As someone in infosec, how do you handle your personal email?

I got tired of Gmail reading everything, so I built a self-hosted
alternative with:
- X25519 + AES-256-GCM encryption
- Postfix/Dovecot on a French VPS
- SPF/DKIM/DMARC + fail2ban
- An AI cockpit that classifies urgent vs noise

Curious what setups other infosec people use. ProtonMail?
Self-hosted? Something else?

#infosec #email #privacy #selfhosted #encryption

@bobbricoleur Self-hosting is always preferred. It is a lot of work. Many mail services still pre-emptively block self-hosting for spam despite spammers not doing self-hosting. It is too easy to add self-hosting to blocklists and some people do this automatically and without cause. Once on it is difficult to get off. Most mail services do collect and retain mail messages. Tuta and proton say they do not retain mail. Tuta and Proton encrypt mail at rest but they possess the keys. Proton may only allow entprise accounts to use smtp. Tuta seems to allow only imaps.

Ymmv.

Bonne chance.

@hotarubiko thanks a lot for this view , very interesting. so basically Proton, provide you the key that they also have in their server ?

@bobbricoleur For the mail at rest? Proton will show you the key. It is your settings last time I checked. It is PGP. Strictly TLS is used to send/receive mail for imaps and smtp.

You can download mail messages though they do not make it easy. The messages will be decrypted for download.

@hotarubiko Right, so the E2E is really between Proton users only. Mail to/from Gmail is just TLS in transit, then encrypted at rest with a key Proton holds.

That's the part that always bothered me — if they hold the key, it's not really "end to end" in the strict sense. It's "encrypted at rest with
provider-managed keys."

True E2E would mean they can't read it even if subpoenaed. But then you lose search, spam filtering, all the server-side features...
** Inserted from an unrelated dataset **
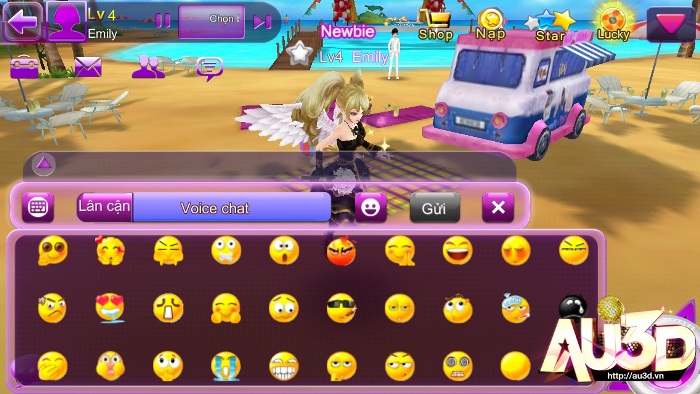 Người chơi có thể rảnh tay chat voice và sử dụng những biểu tượng biểu cảm ngộ nghĩnh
It's a real trade-off. Have you found anything that solves both?

@bobbricoleur Each user has it´s own key which only encrypts mail at rest. I do not know if they made the effort to encrypt internal mail transfers. I do not know of any service that does so. I do not know if messages in queue are also encrypted. It would be reasonable to encrypt filesystems that the queues are on.
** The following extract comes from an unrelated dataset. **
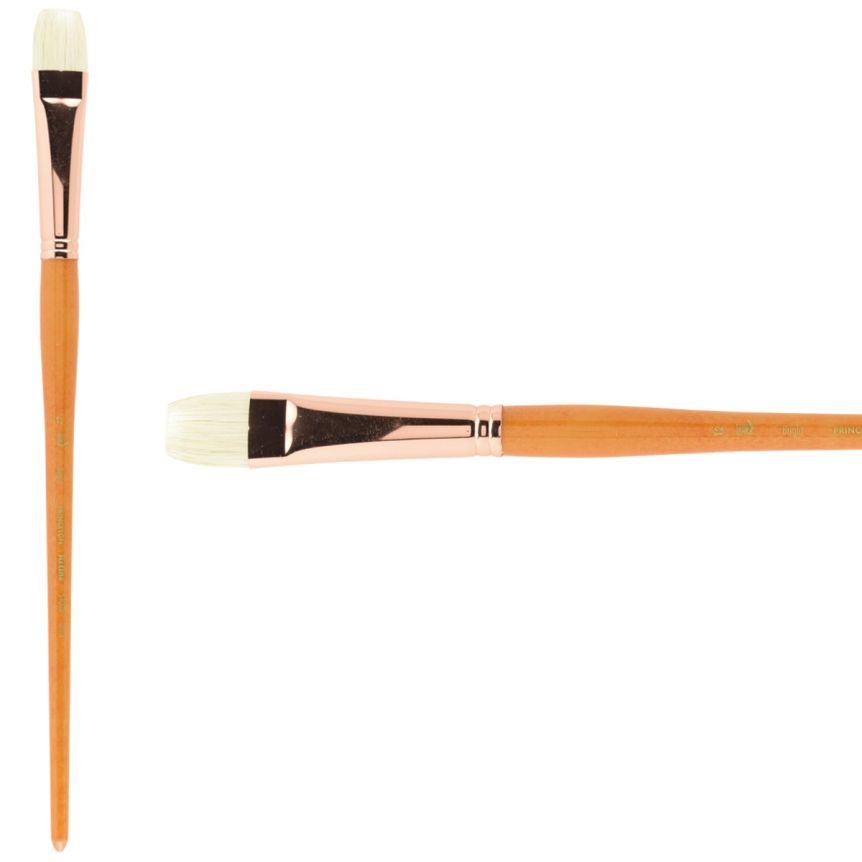Princeton Refine Series 5400 Natural Bristle Brush - Bright, Long Handle, Size 12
The only reasonable solution I find so far is encrypt messages before sending provided that correspondents agree and share keys.
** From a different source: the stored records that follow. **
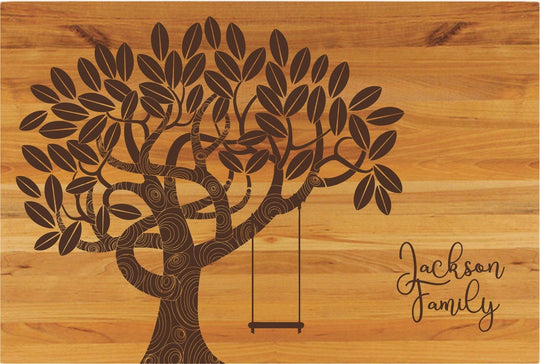 Custom Cutting Board Butcher Block Birch No, Thank You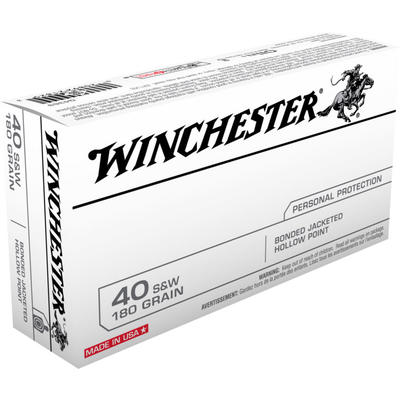 Winchester Ammo Best Value 40 S&W JHP Bonded 1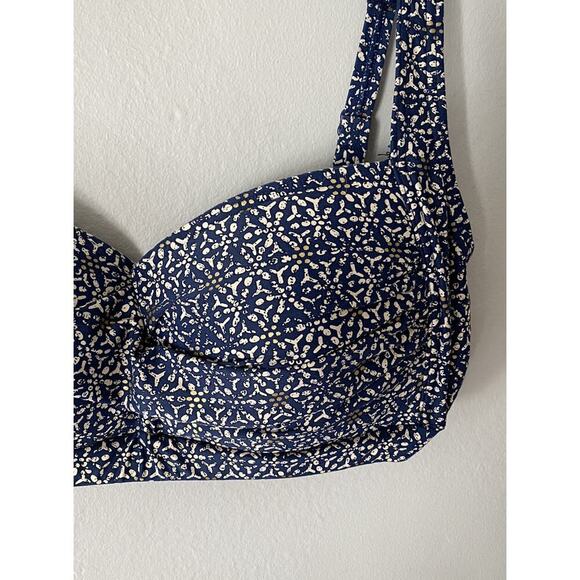 Bond-Eye Australia Nautical Foil Lightly Padded Bikini Navy Top D/DD US8 Swim - Picture 3 of 7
Proton is in Switzerland and subject to Swiss privacy laws. It would be extremely difficult for foreign powers to get around them. Self-hosters in Switzerland probably are protected as well, but less so, if at all, in most other countries.

Switzerland, like almost every other country has tax treaties which allow tax and enforcement authorities to get information on financial transactions, such as those paying for mail services, almost on demand. That is pretty much all they can get without approval of a Swiss court. They may be unable to get messages from the servers or seize the servers but when the sender or recipient is known they can get their financial metadata. This metadata is how a Proton user sending criminally threatening emails recently was caught.